My main reason for reviewing these two films together is that they cover a similar subject matter, and I saw them on the same day. But I wanted to show you the two posters for these films side by side, because it wasn't until I searched for the posters that I realised how eerily similar they are. Same colour blue, same wistful look up to the sky from one of the main characters, same colour and similar font of the titles. Weird.
Anyway, allow me to start with Cameron Post as that was the film I watched first. A film set in the 90s about a girl - Cameron Post (played brilliantly by Chloe Grace Moretz who impresses me more and more each time I see her) - who is discovered to be a lesbian by her religious family and promptly sent off to God's Promise, a camp for troubled teens, in the hope of converting her into a straight and God fearing member of society.
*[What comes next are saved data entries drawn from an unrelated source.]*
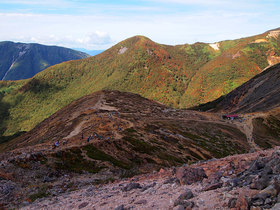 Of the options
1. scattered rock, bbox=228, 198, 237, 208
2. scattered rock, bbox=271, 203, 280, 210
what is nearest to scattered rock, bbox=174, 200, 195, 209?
scattered rock, bbox=228, 198, 237, 208

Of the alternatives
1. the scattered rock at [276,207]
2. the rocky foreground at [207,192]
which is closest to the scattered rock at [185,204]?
the rocky foreground at [207,192]

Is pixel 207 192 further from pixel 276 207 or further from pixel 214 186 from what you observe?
pixel 276 207

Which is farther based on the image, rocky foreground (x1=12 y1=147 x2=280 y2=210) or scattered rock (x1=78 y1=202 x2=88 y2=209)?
scattered rock (x1=78 y1=202 x2=88 y2=209)

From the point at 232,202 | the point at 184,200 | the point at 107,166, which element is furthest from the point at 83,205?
the point at 107,166

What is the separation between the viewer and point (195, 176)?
626 inches

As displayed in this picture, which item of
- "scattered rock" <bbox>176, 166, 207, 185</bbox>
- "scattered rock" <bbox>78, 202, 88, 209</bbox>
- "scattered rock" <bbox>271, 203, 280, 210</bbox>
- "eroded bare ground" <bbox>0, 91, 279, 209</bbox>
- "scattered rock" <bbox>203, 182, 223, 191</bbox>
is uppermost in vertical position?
"scattered rock" <bbox>271, 203, 280, 210</bbox>

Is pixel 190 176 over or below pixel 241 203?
below

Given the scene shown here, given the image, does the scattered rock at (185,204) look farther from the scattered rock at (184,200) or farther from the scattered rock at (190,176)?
the scattered rock at (190,176)

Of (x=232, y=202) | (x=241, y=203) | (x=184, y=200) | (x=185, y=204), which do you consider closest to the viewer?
(x=241, y=203)

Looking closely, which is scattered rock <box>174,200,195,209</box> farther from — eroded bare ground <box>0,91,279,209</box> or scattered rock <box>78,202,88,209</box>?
scattered rock <box>78,202,88,209</box>

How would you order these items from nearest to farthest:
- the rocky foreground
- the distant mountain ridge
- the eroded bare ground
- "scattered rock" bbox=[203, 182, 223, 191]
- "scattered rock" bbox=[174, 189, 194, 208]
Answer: the rocky foreground < "scattered rock" bbox=[174, 189, 194, 208] < "scattered rock" bbox=[203, 182, 223, 191] < the eroded bare ground < the distant mountain ridge

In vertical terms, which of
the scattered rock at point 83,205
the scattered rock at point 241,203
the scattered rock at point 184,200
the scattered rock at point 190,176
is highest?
the scattered rock at point 241,203

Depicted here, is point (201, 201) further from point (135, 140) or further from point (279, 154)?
point (135, 140)

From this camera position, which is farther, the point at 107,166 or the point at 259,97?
the point at 259,97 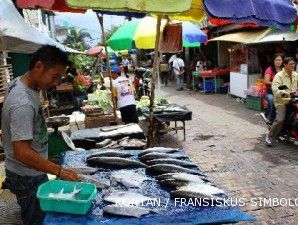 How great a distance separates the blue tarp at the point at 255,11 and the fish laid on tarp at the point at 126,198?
82.4 inches

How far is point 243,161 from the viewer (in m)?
7.82

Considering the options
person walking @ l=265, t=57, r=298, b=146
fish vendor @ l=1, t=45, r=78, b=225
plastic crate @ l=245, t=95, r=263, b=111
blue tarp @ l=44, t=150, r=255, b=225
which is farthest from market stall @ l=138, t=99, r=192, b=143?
fish vendor @ l=1, t=45, r=78, b=225

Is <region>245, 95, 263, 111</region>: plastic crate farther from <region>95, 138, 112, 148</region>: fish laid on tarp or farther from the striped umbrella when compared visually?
<region>95, 138, 112, 148</region>: fish laid on tarp

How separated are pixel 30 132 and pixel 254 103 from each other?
1189cm

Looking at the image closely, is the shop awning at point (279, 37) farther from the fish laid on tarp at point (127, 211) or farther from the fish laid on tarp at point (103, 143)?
the fish laid on tarp at point (127, 211)

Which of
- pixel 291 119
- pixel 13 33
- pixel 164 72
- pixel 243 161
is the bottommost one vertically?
pixel 243 161

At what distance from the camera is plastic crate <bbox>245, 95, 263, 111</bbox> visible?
13.5m

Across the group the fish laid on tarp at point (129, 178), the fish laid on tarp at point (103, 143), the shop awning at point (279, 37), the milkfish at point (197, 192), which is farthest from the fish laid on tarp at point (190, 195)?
the shop awning at point (279, 37)

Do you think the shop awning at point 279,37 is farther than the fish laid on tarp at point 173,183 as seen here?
Yes

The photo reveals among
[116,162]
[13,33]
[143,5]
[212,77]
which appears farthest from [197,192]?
[212,77]

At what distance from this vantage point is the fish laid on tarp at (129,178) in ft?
13.0

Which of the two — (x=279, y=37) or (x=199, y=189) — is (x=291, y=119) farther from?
(x=199, y=189)

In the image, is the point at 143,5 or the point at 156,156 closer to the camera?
the point at 143,5

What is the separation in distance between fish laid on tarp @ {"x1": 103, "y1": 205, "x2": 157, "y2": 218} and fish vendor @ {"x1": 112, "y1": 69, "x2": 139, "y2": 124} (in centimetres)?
589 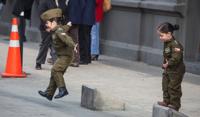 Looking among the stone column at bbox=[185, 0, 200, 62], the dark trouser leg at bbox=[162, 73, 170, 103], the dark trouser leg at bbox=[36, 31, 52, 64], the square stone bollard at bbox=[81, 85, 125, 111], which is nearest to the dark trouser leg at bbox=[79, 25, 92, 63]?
the dark trouser leg at bbox=[36, 31, 52, 64]

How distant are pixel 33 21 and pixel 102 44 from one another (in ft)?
10.7

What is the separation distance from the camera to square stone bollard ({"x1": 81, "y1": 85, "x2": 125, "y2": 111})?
31.4 ft

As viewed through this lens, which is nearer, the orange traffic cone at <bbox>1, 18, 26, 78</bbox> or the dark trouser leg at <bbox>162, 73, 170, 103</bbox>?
the dark trouser leg at <bbox>162, 73, 170, 103</bbox>

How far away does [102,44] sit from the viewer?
15.7 meters

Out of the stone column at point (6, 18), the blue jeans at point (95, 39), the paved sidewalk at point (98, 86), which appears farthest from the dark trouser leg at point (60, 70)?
the stone column at point (6, 18)

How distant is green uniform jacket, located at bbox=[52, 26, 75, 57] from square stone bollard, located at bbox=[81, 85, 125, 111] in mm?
655

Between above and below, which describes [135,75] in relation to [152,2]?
below

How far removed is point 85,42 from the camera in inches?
551

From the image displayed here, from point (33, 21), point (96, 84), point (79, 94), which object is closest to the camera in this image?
point (79, 94)

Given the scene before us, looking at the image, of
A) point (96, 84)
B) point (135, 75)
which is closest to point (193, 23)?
point (135, 75)

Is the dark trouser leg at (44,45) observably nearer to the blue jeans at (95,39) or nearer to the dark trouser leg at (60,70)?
the blue jeans at (95,39)

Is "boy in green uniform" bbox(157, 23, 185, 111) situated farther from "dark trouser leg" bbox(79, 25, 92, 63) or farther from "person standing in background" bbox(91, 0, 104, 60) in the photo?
"person standing in background" bbox(91, 0, 104, 60)

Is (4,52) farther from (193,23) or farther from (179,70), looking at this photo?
(179,70)

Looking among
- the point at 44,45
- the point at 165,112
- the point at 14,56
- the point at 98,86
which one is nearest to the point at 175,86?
the point at 165,112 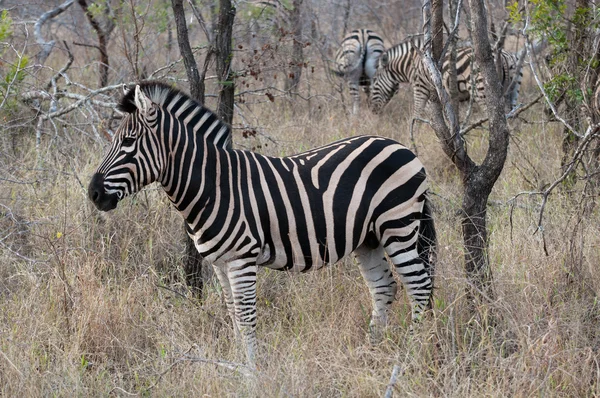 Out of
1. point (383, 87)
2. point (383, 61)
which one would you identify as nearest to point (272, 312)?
point (383, 87)

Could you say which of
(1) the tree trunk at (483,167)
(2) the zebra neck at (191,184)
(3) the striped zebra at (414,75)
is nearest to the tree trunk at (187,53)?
(2) the zebra neck at (191,184)

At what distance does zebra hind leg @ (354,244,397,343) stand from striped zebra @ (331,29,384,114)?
7365 millimetres

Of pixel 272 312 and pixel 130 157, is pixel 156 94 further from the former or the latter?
pixel 272 312

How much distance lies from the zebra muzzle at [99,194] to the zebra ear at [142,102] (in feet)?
1.46

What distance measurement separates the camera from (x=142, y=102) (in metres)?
4.16

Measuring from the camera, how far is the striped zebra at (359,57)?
1212 centimetres

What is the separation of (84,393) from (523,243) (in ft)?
10.2

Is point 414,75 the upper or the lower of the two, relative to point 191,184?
upper

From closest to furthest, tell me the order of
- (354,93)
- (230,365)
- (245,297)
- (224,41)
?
(230,365)
(245,297)
(224,41)
(354,93)

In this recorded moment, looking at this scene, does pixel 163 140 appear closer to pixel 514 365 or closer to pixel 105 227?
pixel 105 227

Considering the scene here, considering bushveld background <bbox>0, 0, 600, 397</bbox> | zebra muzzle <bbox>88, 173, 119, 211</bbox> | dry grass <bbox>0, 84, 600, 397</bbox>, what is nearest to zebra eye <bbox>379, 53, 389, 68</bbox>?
bushveld background <bbox>0, 0, 600, 397</bbox>

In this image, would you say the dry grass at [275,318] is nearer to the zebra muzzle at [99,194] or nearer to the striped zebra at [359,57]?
the zebra muzzle at [99,194]

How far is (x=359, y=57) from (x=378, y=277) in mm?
8070

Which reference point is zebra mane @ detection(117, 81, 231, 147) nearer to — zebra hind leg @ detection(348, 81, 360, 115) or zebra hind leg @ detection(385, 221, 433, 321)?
zebra hind leg @ detection(385, 221, 433, 321) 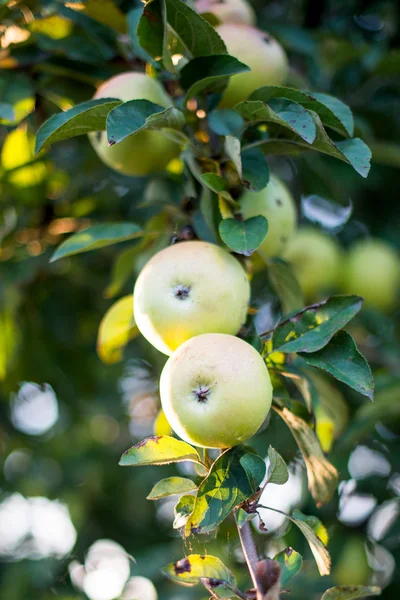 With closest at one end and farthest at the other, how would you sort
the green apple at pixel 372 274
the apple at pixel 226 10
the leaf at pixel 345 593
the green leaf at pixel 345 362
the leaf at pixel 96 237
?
the leaf at pixel 345 593
the green leaf at pixel 345 362
the leaf at pixel 96 237
the apple at pixel 226 10
the green apple at pixel 372 274

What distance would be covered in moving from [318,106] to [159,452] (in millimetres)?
505

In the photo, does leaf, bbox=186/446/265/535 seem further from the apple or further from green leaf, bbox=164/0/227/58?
the apple

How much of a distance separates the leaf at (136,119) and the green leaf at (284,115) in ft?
0.31

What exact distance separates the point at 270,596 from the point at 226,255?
0.43 m

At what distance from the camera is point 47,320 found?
1.90 metres

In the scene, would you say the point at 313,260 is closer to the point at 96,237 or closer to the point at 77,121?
the point at 96,237

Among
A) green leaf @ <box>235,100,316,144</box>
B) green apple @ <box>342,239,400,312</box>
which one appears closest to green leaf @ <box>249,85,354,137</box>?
green leaf @ <box>235,100,316,144</box>

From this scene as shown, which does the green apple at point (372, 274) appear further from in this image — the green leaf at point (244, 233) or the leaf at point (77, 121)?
the leaf at point (77, 121)

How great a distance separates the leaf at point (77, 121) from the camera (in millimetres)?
847

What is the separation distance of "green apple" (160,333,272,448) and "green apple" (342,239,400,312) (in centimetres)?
123

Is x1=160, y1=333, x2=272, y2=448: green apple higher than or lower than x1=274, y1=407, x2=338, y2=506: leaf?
higher

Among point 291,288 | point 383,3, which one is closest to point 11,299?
point 291,288

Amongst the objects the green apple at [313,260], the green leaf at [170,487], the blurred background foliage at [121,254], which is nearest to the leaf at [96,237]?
the blurred background foliage at [121,254]

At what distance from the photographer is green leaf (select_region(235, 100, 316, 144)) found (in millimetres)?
830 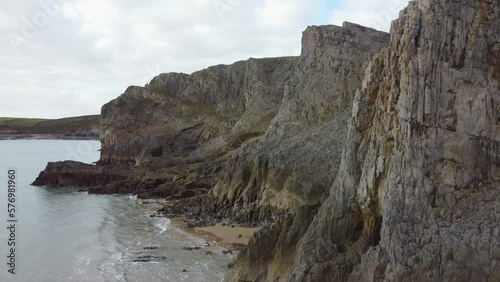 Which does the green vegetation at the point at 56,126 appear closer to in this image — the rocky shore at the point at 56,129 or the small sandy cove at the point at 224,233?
the rocky shore at the point at 56,129

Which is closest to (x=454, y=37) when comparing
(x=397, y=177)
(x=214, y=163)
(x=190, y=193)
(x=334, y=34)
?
(x=397, y=177)

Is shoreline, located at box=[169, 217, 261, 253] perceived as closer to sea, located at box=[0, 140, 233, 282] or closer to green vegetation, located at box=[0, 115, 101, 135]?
sea, located at box=[0, 140, 233, 282]

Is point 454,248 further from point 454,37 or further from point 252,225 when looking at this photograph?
point 252,225

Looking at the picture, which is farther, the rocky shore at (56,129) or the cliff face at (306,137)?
the rocky shore at (56,129)

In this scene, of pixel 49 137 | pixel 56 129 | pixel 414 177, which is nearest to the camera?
pixel 414 177

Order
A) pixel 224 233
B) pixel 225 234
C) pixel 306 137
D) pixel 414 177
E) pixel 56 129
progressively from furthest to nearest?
1. pixel 56 129
2. pixel 306 137
3. pixel 224 233
4. pixel 225 234
5. pixel 414 177

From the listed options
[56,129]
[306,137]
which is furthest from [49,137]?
[306,137]

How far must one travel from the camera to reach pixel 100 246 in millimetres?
31906

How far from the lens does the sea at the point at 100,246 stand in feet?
83.7

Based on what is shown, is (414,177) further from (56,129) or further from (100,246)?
(56,129)

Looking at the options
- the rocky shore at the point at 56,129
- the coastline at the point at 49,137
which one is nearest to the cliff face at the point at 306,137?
the rocky shore at the point at 56,129

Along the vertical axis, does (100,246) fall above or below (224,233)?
below

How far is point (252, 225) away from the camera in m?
34.5

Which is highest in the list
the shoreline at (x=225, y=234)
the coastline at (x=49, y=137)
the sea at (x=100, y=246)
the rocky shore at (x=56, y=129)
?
the rocky shore at (x=56, y=129) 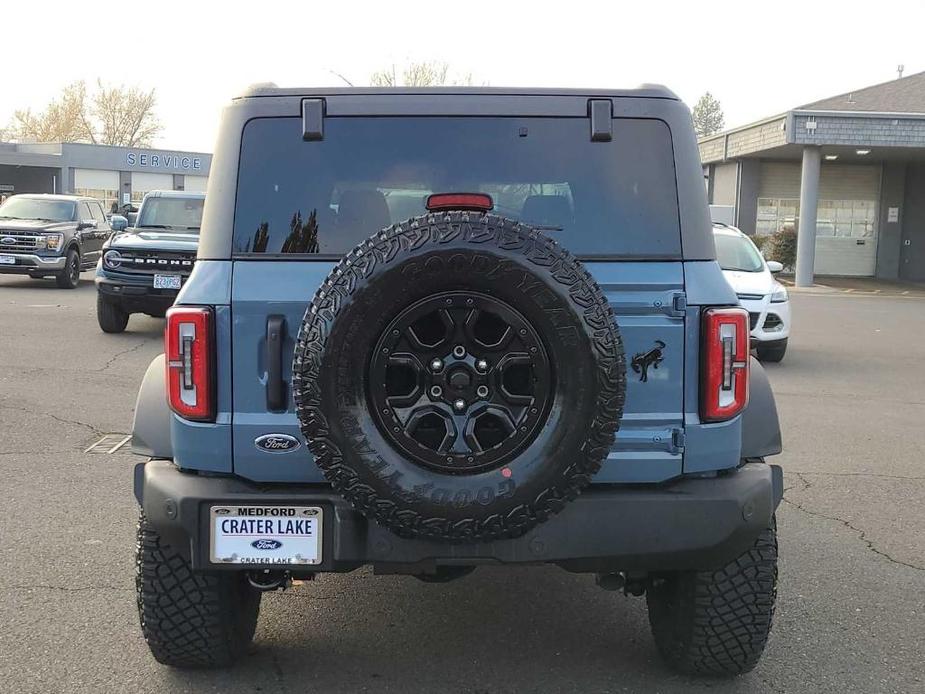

This might not be a true story, but the fact that this did happen to many kids and is still happening around the world today makes me really fucking angry. The story is well told and has lighter and also incredibly dark moments too but it handles everything with sensitivity and the acting on show is top notch.
I definitely felt like they could have done more to set the time period for film, as although it's a 90s set movie, there were only a few moments where my brain remembered that fact. For the most part I felt like this could have been set in the present day. I don't know if that's because the 90s doesn't feel that long ago to me, or because I know things like the conversion camp still happen, but I felt more like it was because the filmmakers hadn't done enough to make it feel like a period piece.
Having said that, I didn't feel like this detracted from the film, more that I would have just liked to have seen more 90s references in there and had it feel more like a 90s set film.
The acting as I said is all top notch. This is Chloe Grace Moretz's film, make no mistake, and she is fantastic in the lead role. But she is ably supported by Forrest Goodluck and Sasha Lane who play two of Cameron's alley's in the camp, whilst Jennifer Ehle (remember her? Where has she been for the last 20 years) and John Gallagher Jr are both great as the leaders of the camp.
I think it's an important film on many levels, it continues the conversation around the importance of mental health in young adults, and that they should have a safe space to express themselves, as well as adults that they can trust. It also does a great job of not talking down to the audience it's aimed at, and doesn't shy away from showing them sex scenes and pretty horrifying scenes too, but at no point do those scenes seem gratuitous or unnecessary.
8/10
Call Me By Your Name is a film I'd wanted to see since it was released last summer but I'd somehow missed it at the cinema. It was shown on an open air screening this summer but I happened to be in London on the night it was on and so missed it again.
Now that I've seen it I'm quite glad I didn't go out of my way to pay to see it in the cinema as I don't think anything would have been gained by seeing the film on the big screen.
I've heard such wonderful things about Call Me By Your Name, but unlike Cameron Post which is also a period set film and about a young person coming to terms with their sexuality, the sex scenes in this do feel slightly gratuitous and unnecessary.
Maybe it's because of the way the film is shot like some art history experiment that the sex scenes just feel really out of place. Yes it's got stunning scenery, yes it's got a rousing score that would impress the harshest of critics, but where is the film's heart?
I found the film over long, and quite dull until it came to Elio and Oliver actually getting together and then everything seemed rushed. I assume this was intentional, because the characters waste their summer together by denying how they both feel, and then when they realise they want to be together the summer is over. It's a great metaphor but it doesn't really make for a very interesting film.
I felt like this film also suffered from the same time period setting issues as Cameron Post, but not quite on the same scale. Yes this does feel like a period piece, but not necessarily an 80s set film. Maybe because it's set in rural Italy so you don't have the same pop culture references that would be available in movies set in the USA for example? I'm not sure but I know that again there were only moments when I remembered it was set in the 80s, and those moments were few and far between.
I also had trouble buying into the relationship between Oliver and Elio. I could see why Elio would fall for Oliver, I mean who wouldn't fall for Armie Hammer? But I really struggled to see why Oliver would feel anything for scrawny and underage Elio who if anything, seemed to act even more childishly than his age would allow. From what the film showed you they barely spent any time together too, so it's not even plausible that they fell in love with each other's personalities over time. It just didn't work for me.
I really wanted to like it, and I didn't think that was something I'd need to work on, I assumed it was a given. How wrong I was.